China needs to push forward institutional reform to attract foreign investment

With growing external and internal challenges, China should further liberalize restrictions over foreign investment to enhance foreign investors’ confidence in the Chinese market

By NewsChina Updated Nov.1

On August 13, the State Council, China’s cabinet, issued a 24-point policy framework aimed at enhancing the business environment and encouraging foreign direct investment (FDI) into China. Addressing issues such as fair competition, tax incentives, cross-border data transfer, and research and development support, the measures emphasize the need to create a market-oriented, rule-of-law-based business environment, amid growing concerns among international businesses following tightened restrictions over investment to China imposed by the US.  

According to the World Investment Report 2022 released by the United Nations Conference on Trade and Development (UNCTAD), 36 countries, mostly developed economies, are conducting foreign direct investment screening for national security in 2021. Together they account for 63 percent of global FDI inflows in 2020.  

The external challenges only accentuate the significance of further opening up for China. In the past, China’s opening-up policy has focused on promoting the free flow of commodity and production factors.

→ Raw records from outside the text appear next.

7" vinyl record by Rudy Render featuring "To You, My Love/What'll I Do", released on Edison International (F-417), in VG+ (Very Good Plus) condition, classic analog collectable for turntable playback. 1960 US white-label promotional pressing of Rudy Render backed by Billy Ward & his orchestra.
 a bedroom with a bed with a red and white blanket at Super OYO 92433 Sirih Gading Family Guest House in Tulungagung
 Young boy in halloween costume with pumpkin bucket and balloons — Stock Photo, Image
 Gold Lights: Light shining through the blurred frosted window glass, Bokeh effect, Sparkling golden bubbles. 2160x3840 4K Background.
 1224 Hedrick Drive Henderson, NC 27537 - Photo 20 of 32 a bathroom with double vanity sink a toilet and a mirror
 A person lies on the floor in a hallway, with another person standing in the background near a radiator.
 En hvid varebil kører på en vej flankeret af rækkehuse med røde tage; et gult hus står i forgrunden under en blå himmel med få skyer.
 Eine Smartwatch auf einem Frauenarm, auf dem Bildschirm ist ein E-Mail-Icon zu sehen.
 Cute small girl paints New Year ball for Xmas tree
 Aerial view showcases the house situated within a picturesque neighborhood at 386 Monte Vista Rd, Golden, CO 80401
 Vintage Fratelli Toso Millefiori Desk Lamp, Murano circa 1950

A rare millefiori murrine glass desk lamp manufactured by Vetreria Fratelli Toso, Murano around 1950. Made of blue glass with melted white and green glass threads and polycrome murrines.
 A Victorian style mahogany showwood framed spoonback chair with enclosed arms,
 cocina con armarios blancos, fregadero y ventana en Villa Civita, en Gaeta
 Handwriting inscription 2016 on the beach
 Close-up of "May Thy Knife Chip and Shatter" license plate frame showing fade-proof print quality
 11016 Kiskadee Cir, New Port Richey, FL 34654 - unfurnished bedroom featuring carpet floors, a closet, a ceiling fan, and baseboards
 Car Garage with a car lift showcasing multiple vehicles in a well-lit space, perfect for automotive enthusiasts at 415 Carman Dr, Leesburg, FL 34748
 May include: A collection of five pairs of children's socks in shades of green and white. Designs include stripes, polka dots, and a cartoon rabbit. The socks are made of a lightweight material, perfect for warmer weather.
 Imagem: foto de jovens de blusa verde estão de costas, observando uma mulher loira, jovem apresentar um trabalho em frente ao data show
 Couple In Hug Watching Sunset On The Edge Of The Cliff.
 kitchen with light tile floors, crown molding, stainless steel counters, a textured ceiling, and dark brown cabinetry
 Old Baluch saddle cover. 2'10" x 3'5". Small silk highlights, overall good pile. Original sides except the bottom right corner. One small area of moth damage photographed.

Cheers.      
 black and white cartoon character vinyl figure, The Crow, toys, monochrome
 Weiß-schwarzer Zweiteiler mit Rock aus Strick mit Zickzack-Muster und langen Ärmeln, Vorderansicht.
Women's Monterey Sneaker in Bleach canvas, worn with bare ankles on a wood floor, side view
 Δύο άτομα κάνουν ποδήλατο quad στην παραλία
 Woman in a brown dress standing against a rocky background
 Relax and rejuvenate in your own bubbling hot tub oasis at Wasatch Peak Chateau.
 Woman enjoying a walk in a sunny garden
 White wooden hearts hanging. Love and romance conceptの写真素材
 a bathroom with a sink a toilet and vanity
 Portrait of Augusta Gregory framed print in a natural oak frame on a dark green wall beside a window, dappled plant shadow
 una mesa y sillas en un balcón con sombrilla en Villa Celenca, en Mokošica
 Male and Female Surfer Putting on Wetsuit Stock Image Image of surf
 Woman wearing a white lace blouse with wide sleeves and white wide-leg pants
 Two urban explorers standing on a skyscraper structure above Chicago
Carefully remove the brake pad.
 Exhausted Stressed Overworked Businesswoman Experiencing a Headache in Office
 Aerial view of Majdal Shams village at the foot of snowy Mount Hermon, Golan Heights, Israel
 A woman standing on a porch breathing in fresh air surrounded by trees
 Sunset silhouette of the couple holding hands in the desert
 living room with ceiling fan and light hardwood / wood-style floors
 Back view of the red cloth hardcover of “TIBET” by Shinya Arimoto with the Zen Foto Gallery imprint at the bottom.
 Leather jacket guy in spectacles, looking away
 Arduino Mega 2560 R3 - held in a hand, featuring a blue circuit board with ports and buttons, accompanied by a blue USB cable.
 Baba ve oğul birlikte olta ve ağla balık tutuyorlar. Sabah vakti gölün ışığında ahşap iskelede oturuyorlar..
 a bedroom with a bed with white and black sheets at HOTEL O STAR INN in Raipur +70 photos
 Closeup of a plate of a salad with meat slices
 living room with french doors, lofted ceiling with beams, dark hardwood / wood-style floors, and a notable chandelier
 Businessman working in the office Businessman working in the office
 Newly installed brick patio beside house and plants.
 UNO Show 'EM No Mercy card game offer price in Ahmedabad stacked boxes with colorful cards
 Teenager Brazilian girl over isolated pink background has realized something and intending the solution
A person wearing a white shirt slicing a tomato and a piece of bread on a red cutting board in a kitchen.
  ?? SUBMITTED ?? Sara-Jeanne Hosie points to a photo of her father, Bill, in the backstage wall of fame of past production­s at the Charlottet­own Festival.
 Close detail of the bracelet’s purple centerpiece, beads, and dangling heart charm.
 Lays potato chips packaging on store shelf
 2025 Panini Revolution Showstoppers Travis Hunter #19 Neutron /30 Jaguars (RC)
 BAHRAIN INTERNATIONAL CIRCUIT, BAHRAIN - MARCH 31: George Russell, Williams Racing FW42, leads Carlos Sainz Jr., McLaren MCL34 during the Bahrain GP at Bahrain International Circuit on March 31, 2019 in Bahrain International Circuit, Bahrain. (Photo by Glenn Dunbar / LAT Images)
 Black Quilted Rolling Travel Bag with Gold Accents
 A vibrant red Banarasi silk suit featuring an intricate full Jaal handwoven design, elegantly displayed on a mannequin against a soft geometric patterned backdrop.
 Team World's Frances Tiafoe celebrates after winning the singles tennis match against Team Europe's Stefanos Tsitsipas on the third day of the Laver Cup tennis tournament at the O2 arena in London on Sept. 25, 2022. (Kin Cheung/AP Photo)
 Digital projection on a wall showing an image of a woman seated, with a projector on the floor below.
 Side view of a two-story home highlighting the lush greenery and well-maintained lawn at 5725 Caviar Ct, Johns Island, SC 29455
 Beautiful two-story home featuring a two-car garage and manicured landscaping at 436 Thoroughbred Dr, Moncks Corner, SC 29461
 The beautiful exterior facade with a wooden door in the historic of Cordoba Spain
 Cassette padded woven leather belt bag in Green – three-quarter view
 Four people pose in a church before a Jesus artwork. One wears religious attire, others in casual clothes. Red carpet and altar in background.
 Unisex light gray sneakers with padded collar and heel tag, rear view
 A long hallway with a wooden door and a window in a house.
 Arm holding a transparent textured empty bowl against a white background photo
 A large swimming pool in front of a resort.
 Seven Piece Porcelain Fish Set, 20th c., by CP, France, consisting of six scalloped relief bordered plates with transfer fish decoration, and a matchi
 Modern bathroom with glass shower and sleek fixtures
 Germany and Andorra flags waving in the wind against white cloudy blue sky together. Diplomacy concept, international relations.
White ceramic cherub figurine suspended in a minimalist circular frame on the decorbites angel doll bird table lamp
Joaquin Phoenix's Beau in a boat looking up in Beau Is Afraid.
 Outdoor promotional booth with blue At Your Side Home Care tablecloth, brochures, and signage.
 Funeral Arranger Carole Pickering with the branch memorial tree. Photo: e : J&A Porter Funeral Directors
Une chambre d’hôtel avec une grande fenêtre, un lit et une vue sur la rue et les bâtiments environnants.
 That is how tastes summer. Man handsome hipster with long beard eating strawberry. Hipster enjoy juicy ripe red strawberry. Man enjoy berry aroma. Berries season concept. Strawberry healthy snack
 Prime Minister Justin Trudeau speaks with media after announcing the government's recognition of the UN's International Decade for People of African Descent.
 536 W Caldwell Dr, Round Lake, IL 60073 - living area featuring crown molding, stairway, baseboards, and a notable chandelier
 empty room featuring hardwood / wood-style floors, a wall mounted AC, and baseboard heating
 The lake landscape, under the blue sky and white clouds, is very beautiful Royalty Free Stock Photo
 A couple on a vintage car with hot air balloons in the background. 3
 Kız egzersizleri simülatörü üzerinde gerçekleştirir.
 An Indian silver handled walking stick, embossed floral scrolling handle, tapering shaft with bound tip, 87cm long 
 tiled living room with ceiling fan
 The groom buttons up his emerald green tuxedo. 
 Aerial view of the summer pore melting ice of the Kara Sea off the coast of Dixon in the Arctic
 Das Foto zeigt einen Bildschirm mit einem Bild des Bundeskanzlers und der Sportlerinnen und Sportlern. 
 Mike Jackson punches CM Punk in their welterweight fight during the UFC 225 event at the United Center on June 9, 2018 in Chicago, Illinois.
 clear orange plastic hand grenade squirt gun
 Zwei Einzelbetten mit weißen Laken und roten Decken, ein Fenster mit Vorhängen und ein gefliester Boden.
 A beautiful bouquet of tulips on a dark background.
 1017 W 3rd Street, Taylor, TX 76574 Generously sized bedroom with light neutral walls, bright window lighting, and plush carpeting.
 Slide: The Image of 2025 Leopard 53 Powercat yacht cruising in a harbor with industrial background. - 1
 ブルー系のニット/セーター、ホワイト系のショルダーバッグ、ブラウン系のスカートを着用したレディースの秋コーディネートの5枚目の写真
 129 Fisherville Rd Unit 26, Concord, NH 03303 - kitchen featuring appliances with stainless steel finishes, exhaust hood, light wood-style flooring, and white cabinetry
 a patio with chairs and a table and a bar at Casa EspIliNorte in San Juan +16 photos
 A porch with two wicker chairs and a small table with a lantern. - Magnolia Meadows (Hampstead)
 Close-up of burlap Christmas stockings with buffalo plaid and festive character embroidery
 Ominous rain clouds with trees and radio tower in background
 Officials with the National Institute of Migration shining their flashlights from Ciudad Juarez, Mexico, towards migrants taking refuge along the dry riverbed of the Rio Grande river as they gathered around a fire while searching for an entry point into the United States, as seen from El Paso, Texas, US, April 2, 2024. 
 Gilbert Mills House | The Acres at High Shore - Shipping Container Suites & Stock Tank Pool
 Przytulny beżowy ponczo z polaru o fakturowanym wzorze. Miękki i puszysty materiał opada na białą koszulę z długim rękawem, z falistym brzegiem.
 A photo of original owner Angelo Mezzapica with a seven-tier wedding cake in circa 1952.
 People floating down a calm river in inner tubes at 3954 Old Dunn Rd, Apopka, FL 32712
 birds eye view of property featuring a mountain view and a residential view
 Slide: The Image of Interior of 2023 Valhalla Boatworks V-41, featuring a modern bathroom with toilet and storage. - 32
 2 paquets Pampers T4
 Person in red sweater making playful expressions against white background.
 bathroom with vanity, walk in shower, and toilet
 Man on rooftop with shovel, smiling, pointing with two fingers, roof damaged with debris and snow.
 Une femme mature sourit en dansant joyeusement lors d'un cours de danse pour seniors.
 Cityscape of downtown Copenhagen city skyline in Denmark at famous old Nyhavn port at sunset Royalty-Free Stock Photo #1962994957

Since the establishment of the free trade zone in Shanghai in 2013, China shifted its focus to promote what it calls “institutional opening-up,” making and shortening its negative list of sectors that restrict or prohibit foreign investment. Since 2017, China revised its foreign investment negative list for four consecutive years, reducing restriction measures by nearly two-thirds, and introduced major opening measures in key sectors such as finance and automobiles. The manufacturing sector is now largely open to foreign investment.  

Despite this progress, the negative list in 2021 still contained 31 items, with 8 categories and 22 items of special administrative measures for the service industry, covering areas such as logistics, education, culture, healthcare, commerce, telecommunications, digital technology and digital content services. Moreover, compared to international legal provisions, China’s foreign investment-related laws, including the negative list system, still lag behind in terms of transparency, stability, clarity and ease of implementation.  

With growing external and internal challenges, China should further liberalize restrictions over foreign investment to enhance foreign investors’ confidence in the Chinese market. First, it should focus on quickly implementing the recently unveiled 24 measures on attracting foreign investment.  

Second, it needs to accelerate the upgrade of the business environment. Currently, various global organizations such as the World Bank, UNCTAD, the International Telecommunication Union, the World Intellectual Property Organization and the World Economic Forum include the digital business environment in their evaluation indicator systems of business environment, making it an important reference indicator for attracting foreign investment. Therefore, China should align its digital business environment reforms with the World Bank’s new Business-Ready (B-Ready) regulatory system, which covers connectivity, data privacy and security, logistics, payments and digital market regulations.  

China also needs to promote fair competition between domestic and foreign-funded enterprises. Besides strictly enforcing its negative-list management system, it should address the restrictions on foreign investment in terms of business model, licenses and operating conditions. The government should focus particularly on the service and high-tech sectors such as semiconductors and artificial intelligence, while cautiously advancing the opening of value-added telecommunications, internet data centers (IDCs) and cloud computing businesses.